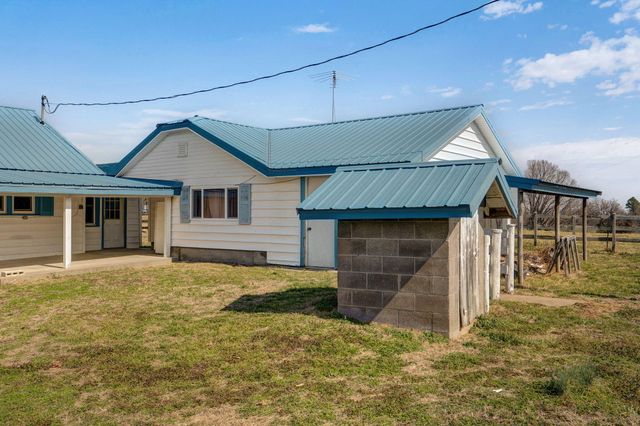 1776 Falcon Drive, Galena, MO 65656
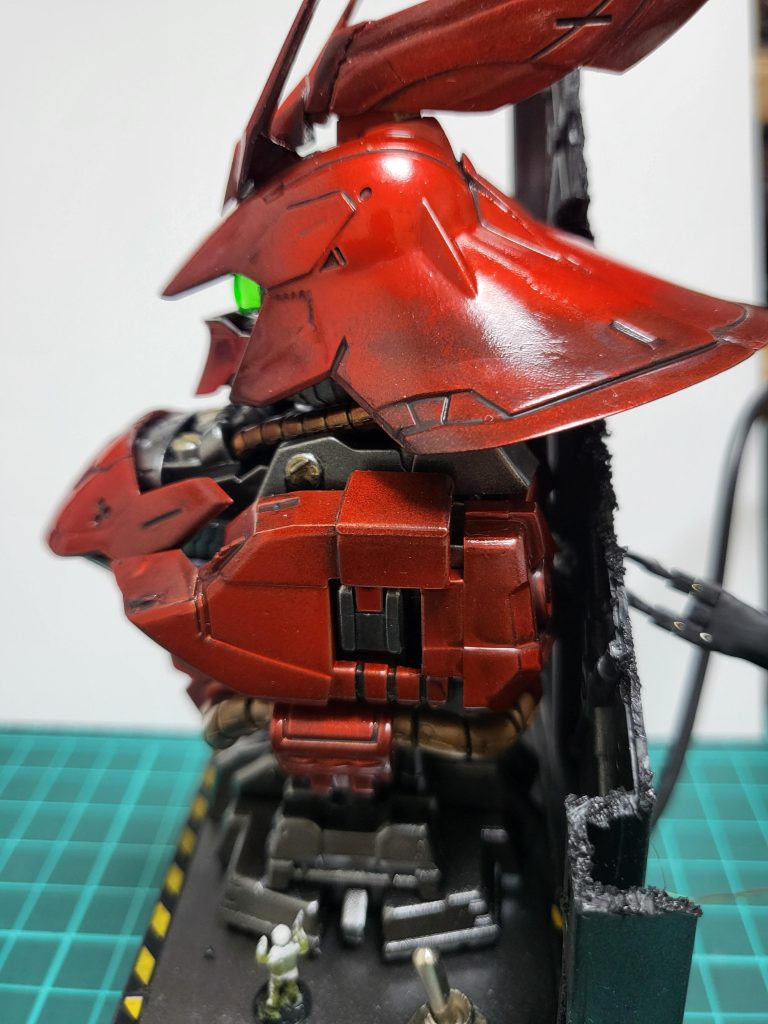 LEDライトで2箇所光りますちなみにキャンディ塗装並びに合わせ目を消し、スミ入れはしています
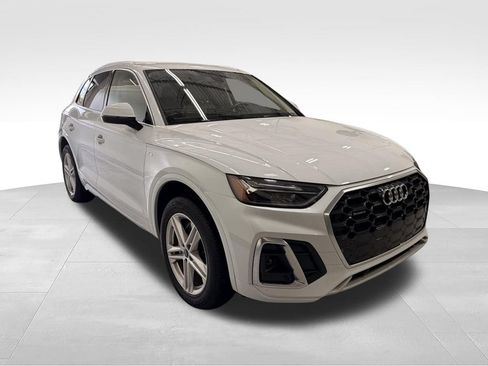Used 2023 Audi Q5 e Premium w/ Convenience Package AWD/4WD image 7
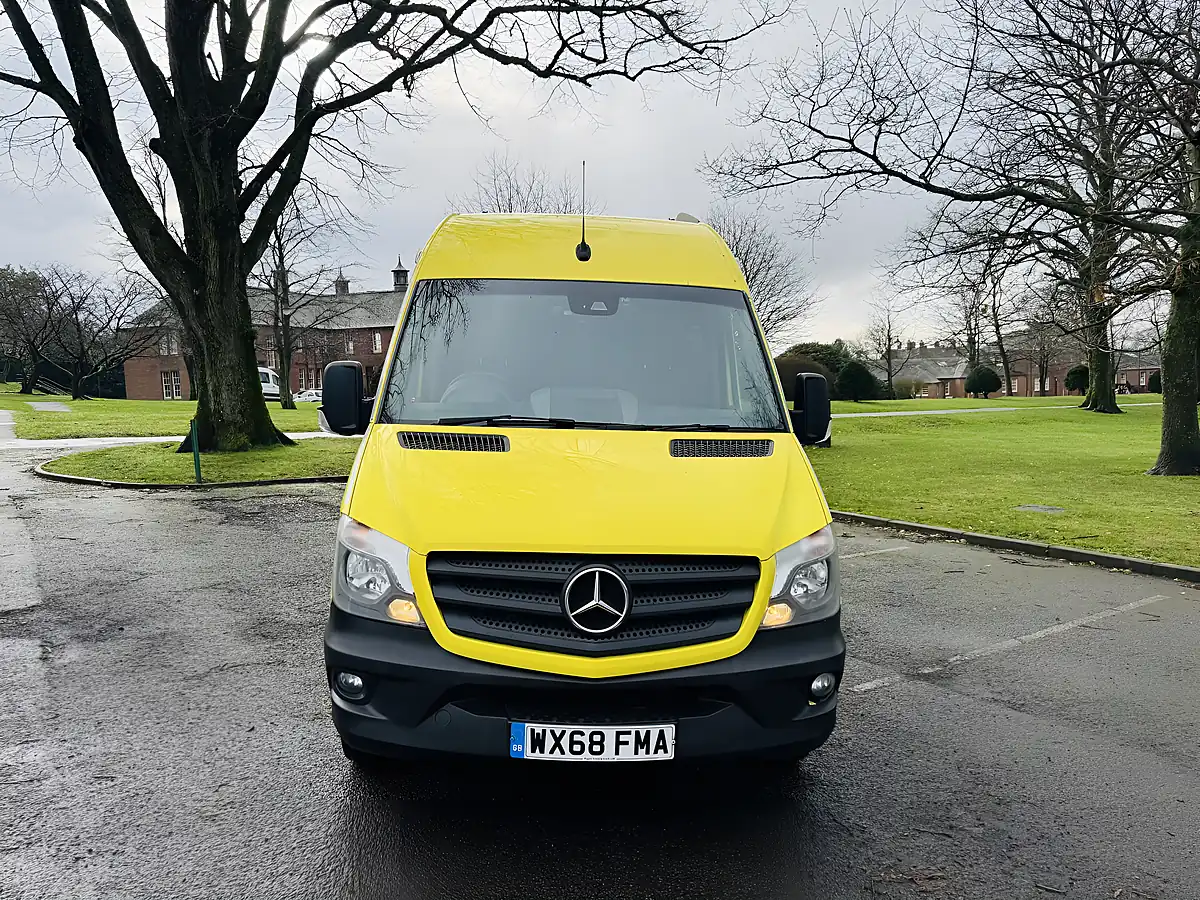 Used 2018 Mercedes-Benz Sprinter Lwb Yellow - Interior and Exterior details 3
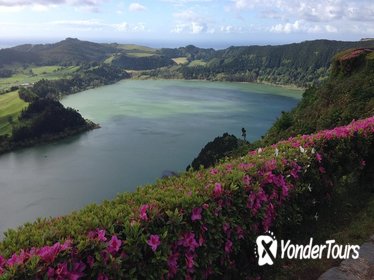 Full-Day Furnas Tour: Lake Fumaroles and Thermal Pools 4x4 Full-Day Furnas Tour: Lake Fumaroles and Thermal Pools 4x4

> REQUIRED WORK:
The listing is to be reproduced in full and exactly, except that its pictures are to be dropped.

> RESULT OF THE TASK:
 1776 Falcon Drive, Galena, MO 65656
 LEDライトで2箇所光りますちなみにキャンディ塗装並びに合わせ目を消し、スミ入れはしています
Used 2023 Audi Q5 e Premium w/ Convenience Package AWD/4WD image 7
 Used 2018 Mercedes-Benz Sprinter Lwb Yellow - Interior and Exterior details 3
 Full-Day Furnas Tour: Lake Fumaroles and Thermal Pools 4x4 Full-Day Furnas Tour: Lake Fumaroles and Thermal Pools 4x4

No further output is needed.